Más allá de las buenas palabras, trenecitos turísticos eléctricos que nos paseen por nuevos museos sostenibles o eco-barcos que nos transporten a la magia poética de paradisíacas islas con esculturas poéticamente verdes, el dilema de la crisis climática exige una auténtica confrontación con los sectores del capital más poderosos que apenas están representados por unas 100 grandes empresas responsables del 71% de las emisiones y que no se quedarán de brazos cruzados ni permitirán cambios que reconviertan sus modelos de negocio sin que hayan presiones sociales.
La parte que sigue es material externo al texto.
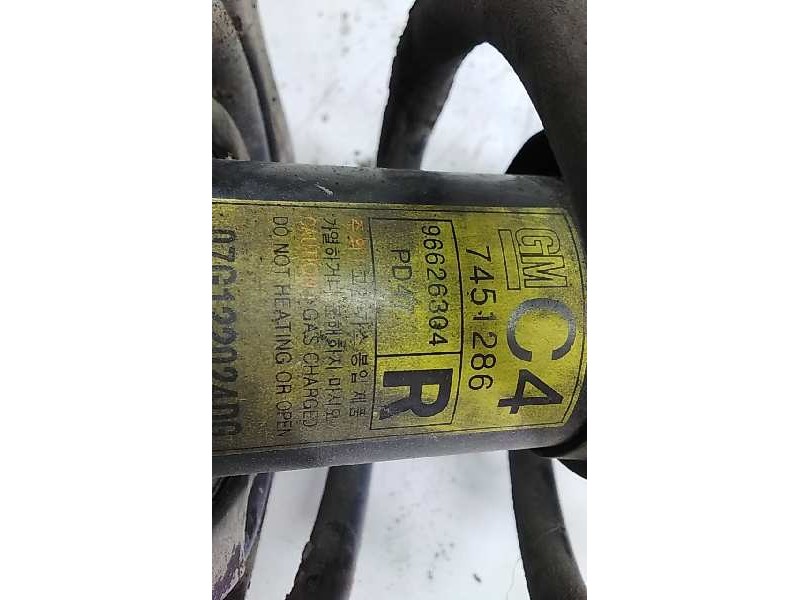 Recambio de amortiguador delantero derecho para chevrolet captiva 2.0 vcdi lt referencia OEM IAM 96626304 7451286 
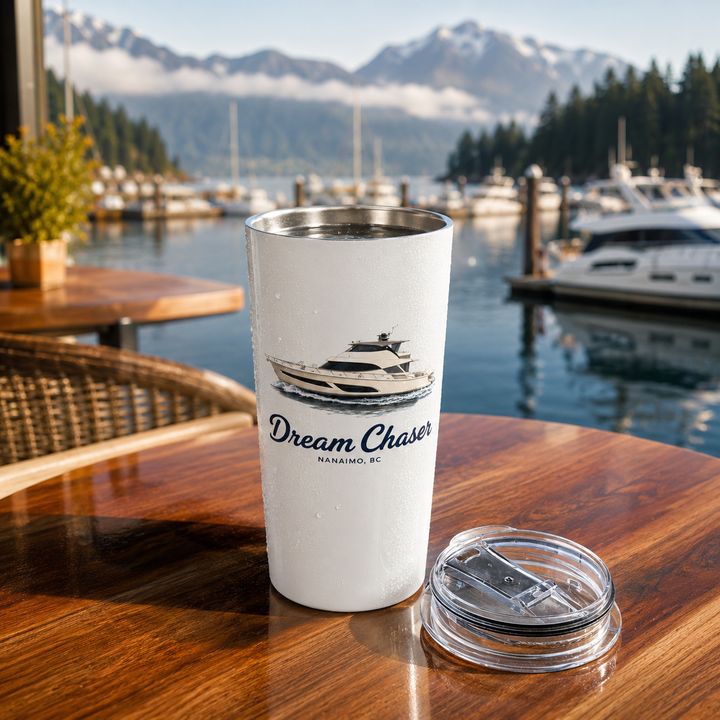 The Portside Vacuum Insulated Tumbler, 20oz – Personalized With Your Boat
No parece plausible que la misma maquinaria que hace la guerra, sea la que garantice la paz y la fraternidad. Tampoco es muy creíble que el sistema económico que ha explotado la tierra hasta su extenuación, y de paso a demasiados seres humanos y especies animales, sea quien la pueda salvar
Frederic Jamenson, el reconocido crítico de cultura contemporánea, decía que nos resulta más fácil imaginar el fin del mundo que el del capitalismo. Por tanto, resolver la crisis ecológica en la que ya estamos plenamente inmersos y que, según múltiples informes científicos se agudizará mucho más si no actuamos con rapidez, requiere movimientos sociales, capaces de movilizar sensibilidades ecológicamente consecuentes, e instituciones más valientes para hacer frente a ese entramado de poderes económicos y desmontar las falacias retóricas del capitalismo verde con programas estructurales mucho más radicales, que vayan a la raíz de los problemas. Es evidente que para hacer una transición ecológica justa es necesario iniciar un camino hacia otro tiempo postcapitalista, que ponga en el centro de sus prioridades todas las vidas de este planeta.